Published in edited form May 14, 2014 in Tulare County's Foothills Sun-Gazette
If I had a hammer
I'd hammer in the morning
I'd hammer in the evening
All over this land
I'd hammer out danger
I'd hammer out a warning
I'd hammer out love between
My brothers and my sisters
All over this land.
When I told my mother I was going to write a piece under this title, I
heard her suck in her breath over the phone.
Pausing, she said cautiously “They might think...”
Both of my parents were raised in
small towns and vowed after they left they’d never go back. Born in different towns on different sides of
the tracks, they both were still massively concerned with what people might
think. To find freedom from that, they
made our homes in unincorporated settlements, rural fringes, and subdivisions
of larger towns. But they never got free
of their fears about the opinions of other people. Early childhood learning, I think.
I actually do have a hammer, in
fact, three claw hammers (tack, medium and large) and a woman-sized sledge, if
I knew where it was. I know how to use
them for hanging pictures and outside Christmas lights, re-nailing a board
coming loose or pounding a stake into the ground. With my brother’s fiberglass-handled
carpenter’s hammer, I can pry nails out of boards, straighten them on a rock,
and nail things back together with the best of them. My father’s a carpenter: more early childhood
learning, learning by doing.
His father was a blacksmith, and he hammered metal into beautiful
wrought iron fences and gates; he also repaired plowshares and other farm
equipment. Both men saw their hammers as extensions of their creative, productive, useful selves. However, both men were quick to pound
their opinions down the throats of other people, so I know the hammer as both
useful and dangerous. Dad stopped
throwing his hammer after it went through a stack of windows he’d saved and he had
to eat a piece of humble pie. He's only recently stopped hurling his words.
This beautiful song from the early
folk movement started pounding through my head when I read the letter to the
editor authored by Councilmembers Pam Kimball and Danny Salinas several weeks
ago. It wasn’t what the letter said about
me that was so disturbing: it was their attack on the truth. They’re not only in denial about the
possibility of wrongdoing in the Lindsay PD's arrest of Councilman Mecum, but in denial
about their own wrongdoing in making Rich Wilkinson joint City Manager and
Director of Public Safety under a contract irresponsibly difficult and expensive to break. They’re in denial about the staff’s role in
generating the lawsuit we filed and their own role in running up their attorney's fees defending against it. They’re in denial
about their role in excluding the public from real participation in city
council meetings, the detrimental CalTrans re-realignment of Highway 65, the
non-promotion of voluntary water conservation measures in this city, and other
leadership challenges too numerous to mention.

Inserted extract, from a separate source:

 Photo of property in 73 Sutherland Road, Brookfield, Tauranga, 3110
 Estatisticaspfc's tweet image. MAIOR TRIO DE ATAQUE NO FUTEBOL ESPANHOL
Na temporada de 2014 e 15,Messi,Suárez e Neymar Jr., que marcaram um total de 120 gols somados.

The song, written by Lee Hays and Pete Seeger, has been recorded by hundreds of people and sung at thousands of gatherings over the last 60 years. I hear Peter Paul & Mary’s version in my head now as I type; according to Wikipedia, singing the Spanish version may have gotten Chilean activist Victor Lara assassinated after the military coup of Salvador Allende in 1973. It's a song for The Struggle, no matter what country or miniscule jurisdiction you find yourself called to enter it.
Sing the last verse with me in your head.
Well I’ve got
a hammer and I’ve got a
bell;
I’ve got a
song to sing all over this
land.
It’s the
hammer of justice, it’s the bell
of freedom
It’s the song
about the love between
my brothers and my sisters
All over this
land.
Gather up your hammers, bells and songs, friends - we have work to do.
----------------------------------------------------------------------------------------------
Trudy
Wischemann is an old folky who writes.